*Matéria publicada em Bons Fluidos #166 – Janeiro de 2013
Primavera
De broto tenro a caule verde e firme, nascemos no mundo com um formidável impulso de viver. Para romper a casca da semente, para atravessar a grossa camada de terra, é preciso uma energia sem limites. O Ching, livro milenar chinês, chama essa fase de irromper. E é exatamente com esse vigor que rompe que a criança se coloca no mundo. Mas como o sol e água moldam a planta, a realidade circundante também irá influenciar seu caráter. É o tempo da formação do eu e do controle dos impulsos, da aprendizagem por meio de acertos e erros, do poder do não. Também é a época de encantamentos com a vida, da alegria sem causa aparente, da leveza e da brincadeira, do desabrochamento de potencialidades e talentos. E, assim, o ser se tornará flor aberta, pronta a ser polinizada.
Verão
Fisicamente, estamos plenos. Hormônios nos afinaram a cintura ou formaram músculos rijos. Todo ser parte à procura do seu par, se abre para experiências e se lança para o externo. Estamos apaixonados pelo mundo, identificados com ele, e numa intensa busca pelo nosso lugar na vida. Viagens nos farão ir mais longe, amores nos farão compreender a diversidade dos relacionamentos e o corpo será uma inesgotável fonte de prazeres. É um tempo solar, intenso, provocante, de muitas ambições e realizações. E, num determinado momento, iremos procriar, dar frutos para a vida, e perpetuar a espécie. A natureza será grata, mas deixaremos de ser importantes para ela. O mundo nos deixará livres e mais tranquilos para o intenso mergulho interno do próximo ciclo.
Outono
Por volta dos 35 anos, surgem as questões profundas da alma: o que estou fazendo neste mundo? Qual é o propósito da existência? Quem sou eu? O psicanalista suíço Carl Gustav Jung chamava essa fase de metanoia, ou mudança de direção. Antes, íamos em rumo ao externo, agora, nossa atenção volta-se para o que ocorre internamente. Se na fase anterior fazíamos de tudo para conquistar valores materiais, ocupar cargos e manter relacionamentos, nesse momento, isso é questionado. O externo, aos poucos, vai deixando de ter importância, para que aflorem as questões e os interesses da alma. Tal como o outono da natureza, é uma época dourada, rica, de colher o que fizemos, materialmente e existencialmente. Mas é também um tempo de conflitos internos. Essa é a pressão necessária para alinhar nossa alma com nosso propósito de vida.
Inverno
Como as árvores ressequidas no campo, nosso caminho agora é mais solitário. A vida, enquanto natureza, retira-se do organismo. Hormônios, água e vitalidade diminuem. É como se o corpo encolhesse para dar à luz uma alma plena e sábia.
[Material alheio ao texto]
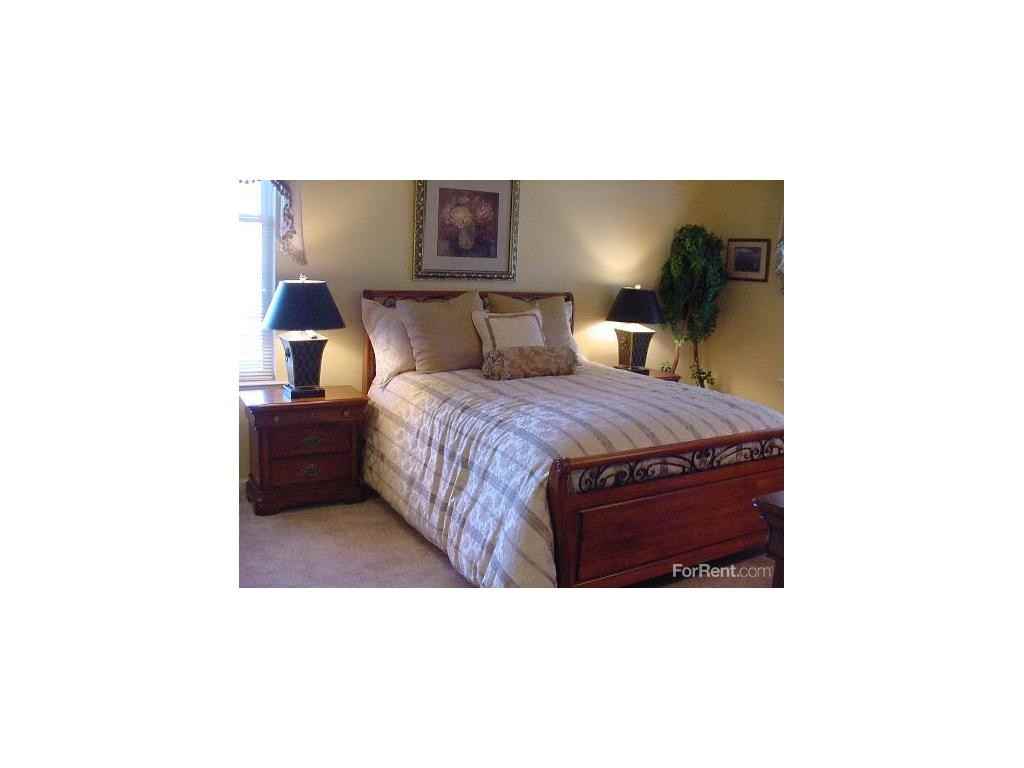 Heritage Court Apartments - Photo 2 of 10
Enfrentamos limites cada vez mais severos de mobilidade, de força e energia, de possibilidade de realização. Mas, se vivemos as outras fases plenamente, nos restará um recolhimento sereno. É o tempo de compartilhar histórias de vida, pois elas são os frutos que deixamos para o mundo. Na cultura indiana, nessa fase as pessoas se retiram para ahsrams, comunidades espirituais, para preparar o caminho para a vida imaterial que nos aguarda com práticas, mantras e orações. O ciclo se fecha. E tão mais precioso será esse fecho quanto mais sábios formos. Pois é a sabedoria, a iluminação da consciência e do espírito, o verdadeiro presente que a vida quer nos dar.